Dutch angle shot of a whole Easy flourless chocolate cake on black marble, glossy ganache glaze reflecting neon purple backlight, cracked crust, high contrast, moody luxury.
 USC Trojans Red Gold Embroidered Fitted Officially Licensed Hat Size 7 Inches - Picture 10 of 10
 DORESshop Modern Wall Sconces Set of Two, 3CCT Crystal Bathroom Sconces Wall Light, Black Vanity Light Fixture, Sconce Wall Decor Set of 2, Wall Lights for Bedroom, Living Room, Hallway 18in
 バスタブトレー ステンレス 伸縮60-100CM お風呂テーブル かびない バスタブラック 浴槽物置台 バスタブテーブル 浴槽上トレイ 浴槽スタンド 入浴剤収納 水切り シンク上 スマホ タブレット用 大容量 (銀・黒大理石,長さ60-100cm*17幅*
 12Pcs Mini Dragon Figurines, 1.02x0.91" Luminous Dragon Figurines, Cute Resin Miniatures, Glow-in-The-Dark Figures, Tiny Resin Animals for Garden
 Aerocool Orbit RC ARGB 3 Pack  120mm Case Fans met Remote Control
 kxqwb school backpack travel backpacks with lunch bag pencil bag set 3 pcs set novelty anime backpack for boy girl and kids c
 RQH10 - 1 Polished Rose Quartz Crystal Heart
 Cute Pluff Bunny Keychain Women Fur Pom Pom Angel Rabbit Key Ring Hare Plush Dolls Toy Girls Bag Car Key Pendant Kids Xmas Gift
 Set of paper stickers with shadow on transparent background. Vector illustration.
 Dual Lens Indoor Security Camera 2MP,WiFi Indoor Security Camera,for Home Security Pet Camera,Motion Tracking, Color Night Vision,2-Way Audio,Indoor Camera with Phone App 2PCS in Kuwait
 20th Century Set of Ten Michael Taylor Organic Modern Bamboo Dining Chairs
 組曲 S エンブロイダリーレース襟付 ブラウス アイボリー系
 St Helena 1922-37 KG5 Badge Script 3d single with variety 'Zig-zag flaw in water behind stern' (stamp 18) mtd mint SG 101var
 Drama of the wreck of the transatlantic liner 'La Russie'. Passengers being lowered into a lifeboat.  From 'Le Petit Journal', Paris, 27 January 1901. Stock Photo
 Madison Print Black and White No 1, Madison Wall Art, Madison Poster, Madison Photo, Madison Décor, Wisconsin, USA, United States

ASSIGNED TASK → The answer must be all the lines above that hold the word "Wall".

EXERCISE ANSWER →
 DORESshop Modern Wall Sconces Set of Two, 3CCT Crystal Bathroom Sconces Wall Light, Black Vanity Light Fixture, Sconce Wall Decor Set of 2, Wall Lights for Bedroom, Living Room, Hallway 18in
 Madison Print Black and White No 1, Madison Wall Art, Madison Poster, Madison Photo, Madison Décor, Wisconsin, USA, United States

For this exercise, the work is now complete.